When they reach Japan, Doraemon assigns everyone a ministry. Shizuka is given the Ministry of Gardening, Gian gets the Ministry of Development, Suneo receives the Ministry of Agriculture and Nobita receives the Ministry of Pets, with Doraemon overseeing all ministries. Nobita mixes the genes of different prehistoric animals and creates a Nothosaurus-like dragon, bird-like griffin and Hipparion-like pegasus. When Doraemon comes, he hides them from him.
At night, the group eat supper and decide to return home and visit there another day. On the next day, the boy from the start of the movie secretly moves into Nobita's room and hides inside the closet. When Gian and Suneo come, the boy attacks Gian, and Gian fights with him. Due to weakness, the boy faints. On the arrival of Nobita, Shizuka and Doraemon, the group again moves to the past. They take the boy into their cave and where he regains consciousness after Shizuka nurses him back to health. Meanwhile, Doraemon searches with a signal through time and learns that the boy hails from somewhere in present-day China, which has been already inhabited by humans by this era. Doraemon then uses a translation tool in order to understand him. He tells them that he belongs to the light tribe and his tribe got attacked by a dark tribe who took all of his people. The group decide to help him.
They trace the dark tribe on Pegasus, Dragon and Griffin for four days. On the fourth day, they find and fight with them. However, their dogū proves to be strong and possess magical powers and gives them a strong challenge only to be defeated by Doraemon's gadgets. Unknown to them, the dogū restores itself after they leave. The group take the whole tribe to Japan to give them a peaceful place to live. At night, they return home.

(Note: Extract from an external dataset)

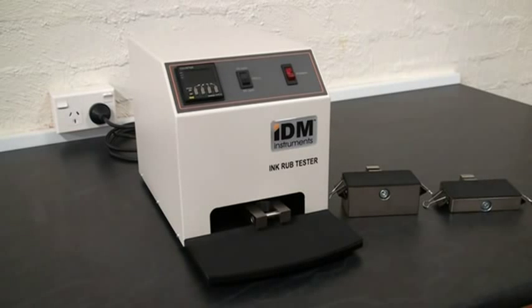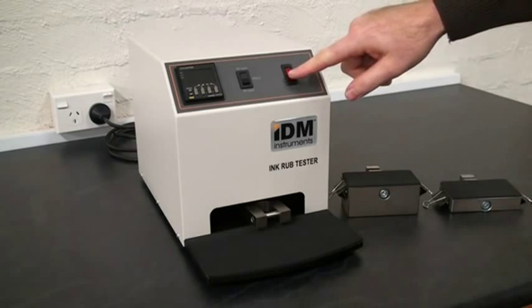Welcome to the IDM Ink Rub Tester. To turn it on, we switch on the power switch.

Next day Doraemon tells everybody that the dogū can restore itself and the light tribe is still in danger, so they again go back in time. Once they arrive, they discover their village had already been destroyed by the dark tribe. Again, the group trace the dark tribe with Doraemon's human train gadget, but Nobita gets lost and is separated from the group during a harsh snowstorm.
Except for Nobita, the rest of the group continue to move and they find the light tribe. Doraemon fights with Gigazombie, who is the king of spirits. Doraemon reveals him to be a 23rd century time criminal who aims to create his own world by destroying the time passage, so that no one can find him. He easily defeats Doraemon and the others since he has more updated gadgets than Doraemon.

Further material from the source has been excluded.